In Niagara Falls, the nation paid $14 for the land; in Buffalo, it paid $4; and in Salamanca, where the Senecas are still firming up the lease, they told the SEC, a lease document on file in Little Valley shows $10 was paid.
• Seneca Gaming then leases the land from the Seneca Nation for the three casinos and pays the rent with gambling profits.
In Niagara Falls and Salamanca, those leases mean Seneca Gaming pays the Seneca Nation $15.6 million a year for each casino's property, or $31.2 million. The Buffalo casino lease, which started in April, will initially pay $6 million a year, the SEC records show.
• And finally, that $37.2 million yearly pot of money is used by the Senecas to pay its members' annual per capita payments.
Payouts could be taxed
Porter told Senecas in the nation's newsletter that there had been a number of recent erroneous news reports on the per capita payments that needed to be corrected.
"First, the annuity payments you receive are not casino proceeds," Porter wrote. "These annuities are derived from the Nation's Seneca Settlement Act funds. This is extremely important to keep in mind since the nontaxable status of the annuities is tied to the source of the funds."
Porter declined through an e-mail and spokesmen for the Seneca Nation and Seneca Gaming to comment further on this interpretation.
"The nation and the current administration will not speak with respect to specific nation issues - financial, administrative - that pertain strictly to members of the Seneca Nation," said Susan Asquith of Travers & Collins, who frequently serves as a Seneca spokeswoman.
A past Seneca president, Rickey L. Armstrong Sr., who is running again this fall, said his administration - and previously Cyrus L. Schindler's - set up the policies for the casino land purchases.

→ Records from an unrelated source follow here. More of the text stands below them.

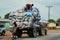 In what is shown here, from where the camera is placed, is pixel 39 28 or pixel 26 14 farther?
pixel 39 28

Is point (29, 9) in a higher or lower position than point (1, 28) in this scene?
higher

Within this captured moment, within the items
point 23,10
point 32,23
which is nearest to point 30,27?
point 32,23

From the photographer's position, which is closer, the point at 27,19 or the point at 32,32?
the point at 27,19

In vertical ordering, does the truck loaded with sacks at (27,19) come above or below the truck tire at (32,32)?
above

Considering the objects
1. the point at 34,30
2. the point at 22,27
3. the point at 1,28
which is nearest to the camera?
the point at 22,27

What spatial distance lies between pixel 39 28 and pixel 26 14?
446cm

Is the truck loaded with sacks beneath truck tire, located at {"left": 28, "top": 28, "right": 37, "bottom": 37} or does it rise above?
above

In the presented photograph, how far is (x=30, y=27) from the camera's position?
1071 inches

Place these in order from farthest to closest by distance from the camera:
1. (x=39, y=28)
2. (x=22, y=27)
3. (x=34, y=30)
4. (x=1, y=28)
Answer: (x=1, y=28)
(x=39, y=28)
(x=34, y=30)
(x=22, y=27)

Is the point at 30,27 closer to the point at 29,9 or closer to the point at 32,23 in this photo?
the point at 32,23

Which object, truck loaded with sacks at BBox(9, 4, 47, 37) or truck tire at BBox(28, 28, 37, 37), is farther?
truck tire at BBox(28, 28, 37, 37)

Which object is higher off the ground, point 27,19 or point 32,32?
point 27,19

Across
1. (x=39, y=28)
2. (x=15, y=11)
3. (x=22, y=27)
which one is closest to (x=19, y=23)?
(x=22, y=27)

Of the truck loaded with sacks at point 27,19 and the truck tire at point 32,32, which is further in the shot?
the truck tire at point 32,32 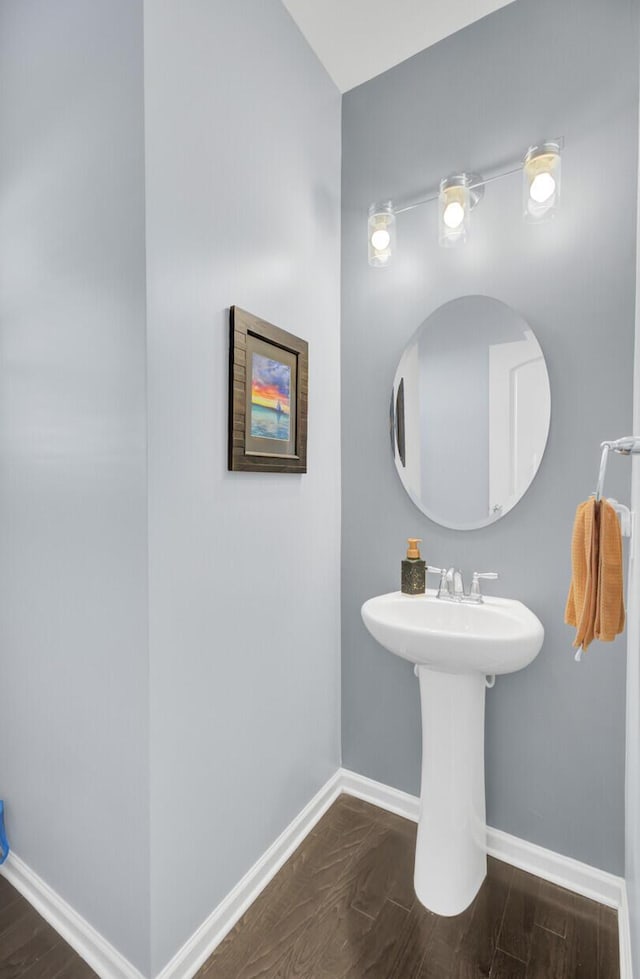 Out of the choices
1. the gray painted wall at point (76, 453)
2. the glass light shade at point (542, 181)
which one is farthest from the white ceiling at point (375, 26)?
the gray painted wall at point (76, 453)

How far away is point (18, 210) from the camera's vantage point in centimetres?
136

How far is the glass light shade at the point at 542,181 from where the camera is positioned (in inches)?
52.6

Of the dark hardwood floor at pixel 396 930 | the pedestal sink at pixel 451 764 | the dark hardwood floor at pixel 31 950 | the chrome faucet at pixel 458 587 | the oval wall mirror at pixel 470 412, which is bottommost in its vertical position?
the dark hardwood floor at pixel 396 930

"The Salamanca settlement act states that the use of the benefits outlined in the act cannot be denied and that benefits or income derived therefrom are nontaxable," Armstrong said. He suggested the former congressmen who sponsored the legislation re-read the act.
The Internal Revenue Service declined to directly comment on the Senecas' interpretation on the tax status of the per capita payments.
"Generally, proceeds that are directly from the sale of tribal land or from a land claim settlement are not taxable," IRS spokesman Kevin McKeon said in an opinion that would seem to agree with the Senecas' interpretation.
"However," he added, "if the Indian tribal government invests the proceeds and then distributes the earnings to the members, the distribution would be taxable."
And that would seem to make the money taxable because the Seneca Nation is using some of the land settlement money to invest in the casino properties.
Joseph M. Finnerty, an attorney representing Citizens for a Better Buffalo, which has sued to stop the Seneca Buffalo Creek Casino, said there is no question what the Senecas are doing.
Demanding oversight
"The Buffalo land the Seneca Nation of Indians bought - purportedly with Salamanca settlement act funds - is not "sovereign,' and gambling can't lawfully occur on it. Period," Finnerty said. "We are addressing this now in federal court."
By using a small portion of the settlement act funds to buy the casino land, a purpose for which they were never intended, Finnerty said, the Senecas avoided the necessary reviews mandated by federal law when Indians attempt to open off-reservation casinos.
"The fact that they may be trying to play a similar shell game using the same act on tax issues is just another reason why closer, more enlightened government oversight is urgently needed here," Finnerty said.